In Viet Nam, urban areas such as Ho Chi Minh City (HCMC) and Ha Noi experience the most severe air pollution, topping the world’s chart of cities with poorest air quality. The country was ranked 30th out of 131 countries in the world with most harmful air in 2022[1]. The context hasn’t changed much in recent years if not worsening as predicted. Children, especially young ones, are most affected as they breathe faster than adults and their lungs are still developing. They are also most vulnerable since air pollutants can cross from the lungs to the bloodstream, making their way to the brain and cause brain cell inflammation.

Huynh Thi Phuong Ai is a preschool teacher. She has been with Tan Tao A for six years.

Not far from Tan Tao A is another establishment, Trang Nguyen preschool. It’s located across a massive garbage disposal site. As a routine, lines of garbage trucks zigzagging at various hours of the day, dumping heavy loads.

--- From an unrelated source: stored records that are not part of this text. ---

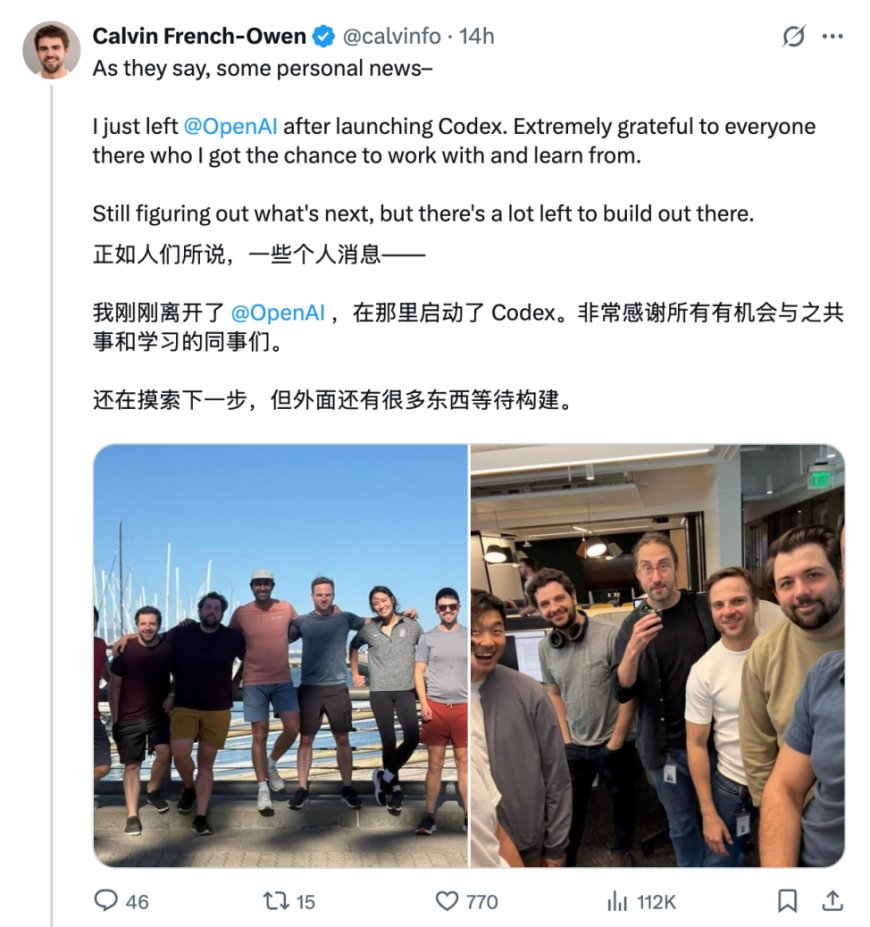 离职工程师长文复盘:为什么OpenAI总能诞生伟大产品?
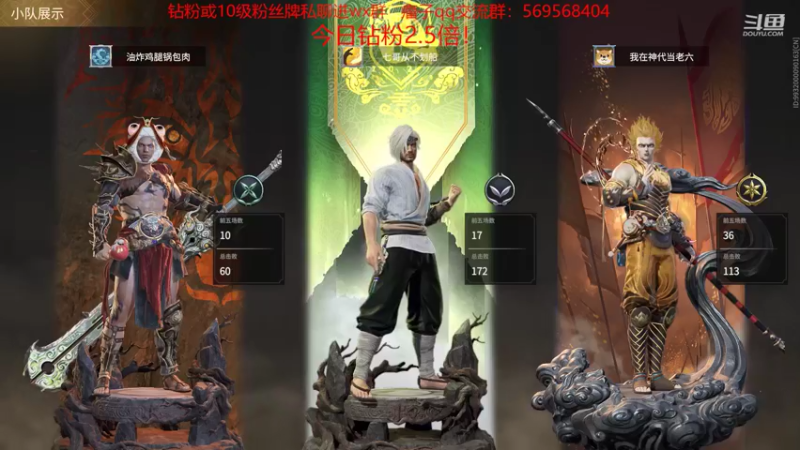 【2022-05-15 18点场】彭皮皮丶：钻粉狂欢!钻粉赠送定制抱枕，上大分！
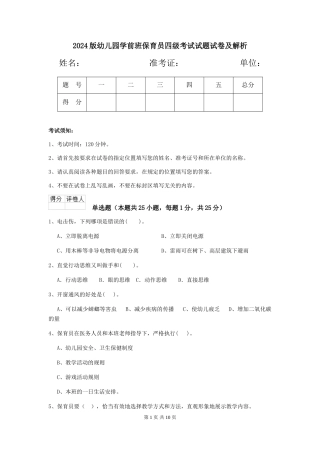 2024版幼儿园学前班保育员四级考试试题试卷及解析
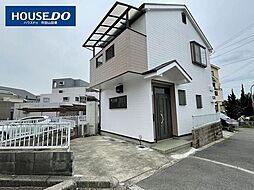 山田東一丁目中古戸建
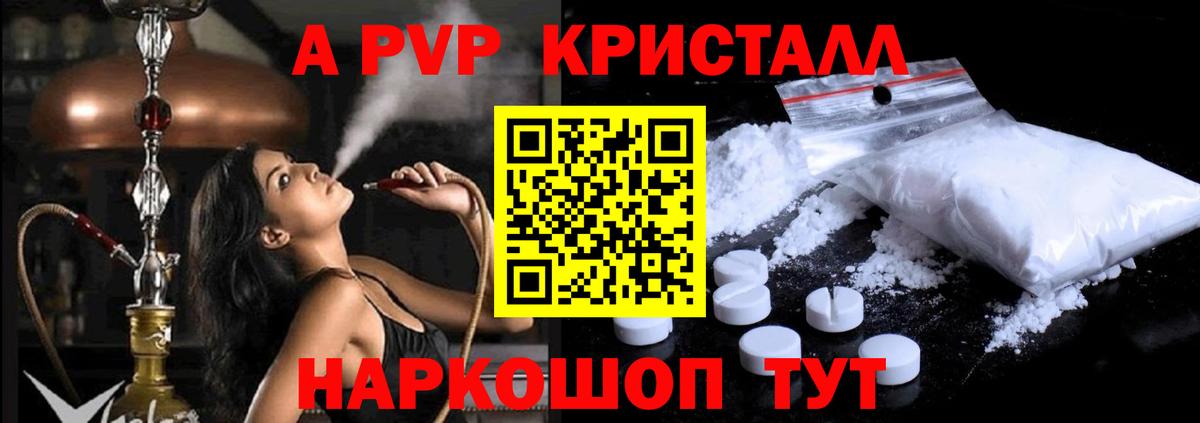 A PVP VHQ Старая Купавна
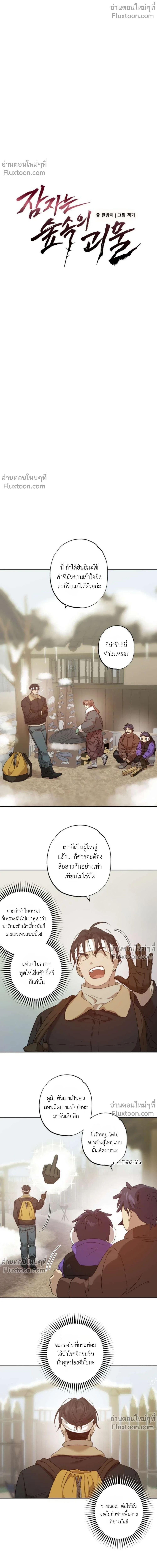 ภาพที่ 4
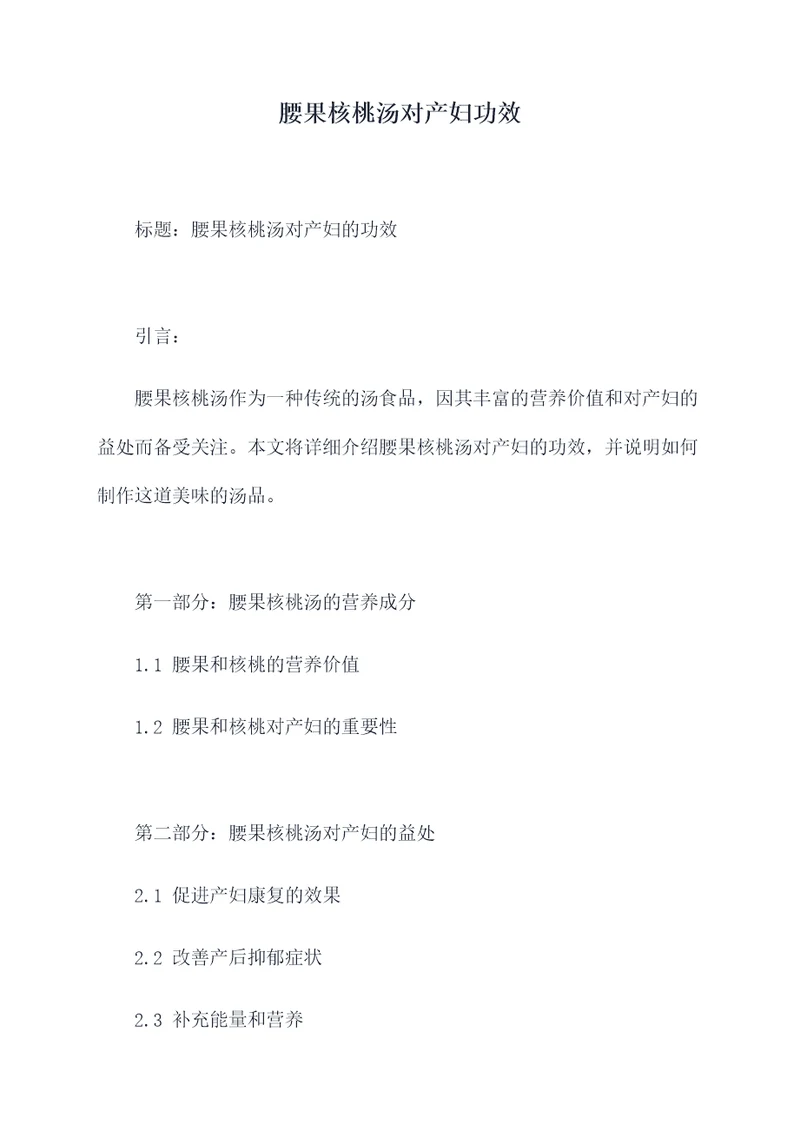 腰果核桃汤对产妇功效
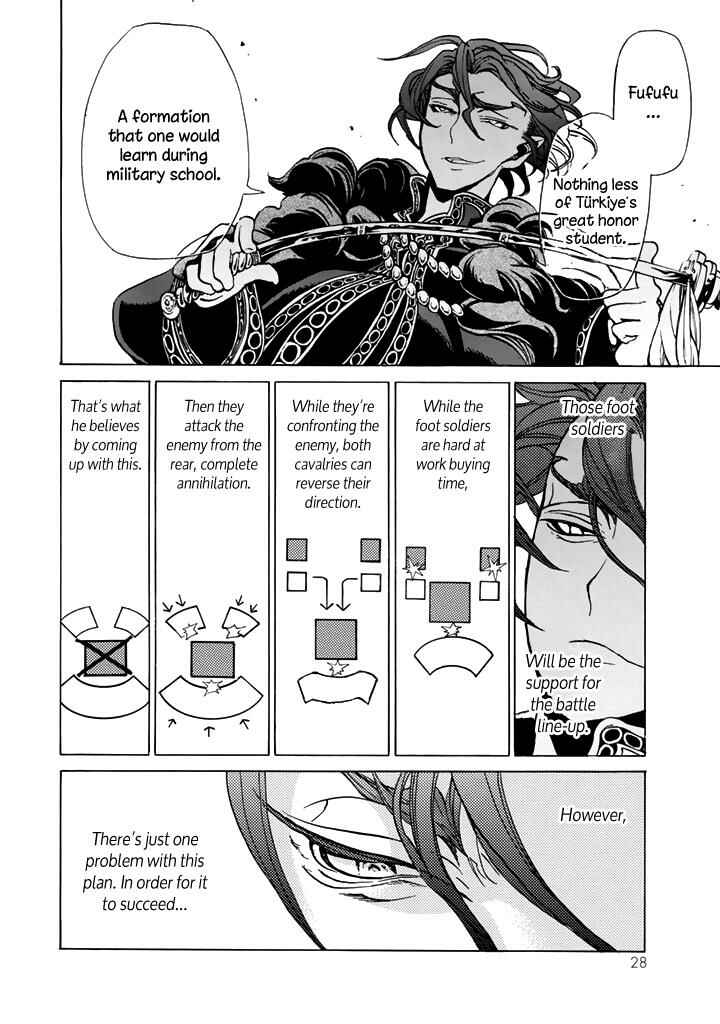 Page 27 Chapter 31 Shoukoku no Altair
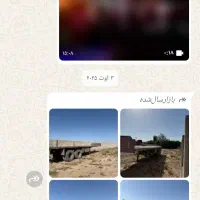 کفی تریلی دوقلو کش سالم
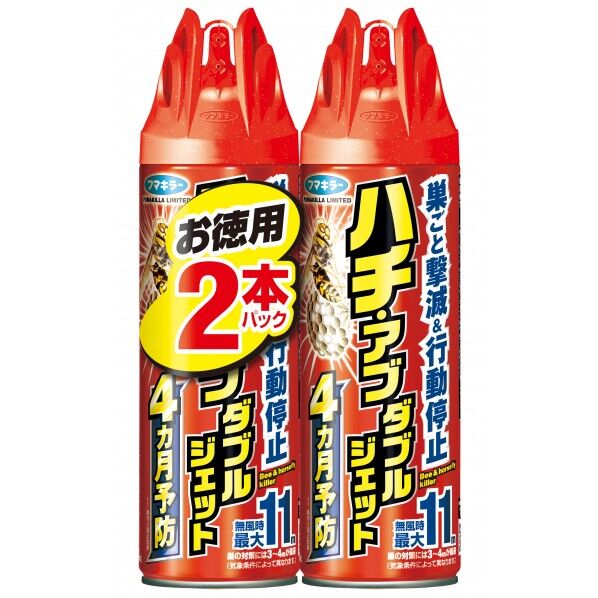 1
3.2×2
3.6×
6.6cm 2本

“Mountains of garbage are disposed day-in day-out,” said Huynh Thi Tung, the school’s head teacher. “The smell is galore as multiplied with gusts of strong wind.” The school also keeps 300 children. Their parents make a living with the local factories or small businesses.

Preschool children from Trang Nguyen gather for lunch

Time to act

Since 2020, UNICEF Viet Nam pioneered in the country to advocate the Government for embarking on a holistic climate-smart education system. This means institutionalizing a national climate-smart school framework that contributes to climate change mitigation and climate related risks adaptation impacting millions of children. 

As they say, a journey of thousand miles must begin with the first steps. In HCMC and the mountainous province of Dien Bien, more than a hundred air purifiers were provided to local preschools. School curriculum was developed for mainstreaming into the system, knowledge-attitude-practice surveys conducted and trainings for educational managers and teachers on protection of children from air pollution risks carried out.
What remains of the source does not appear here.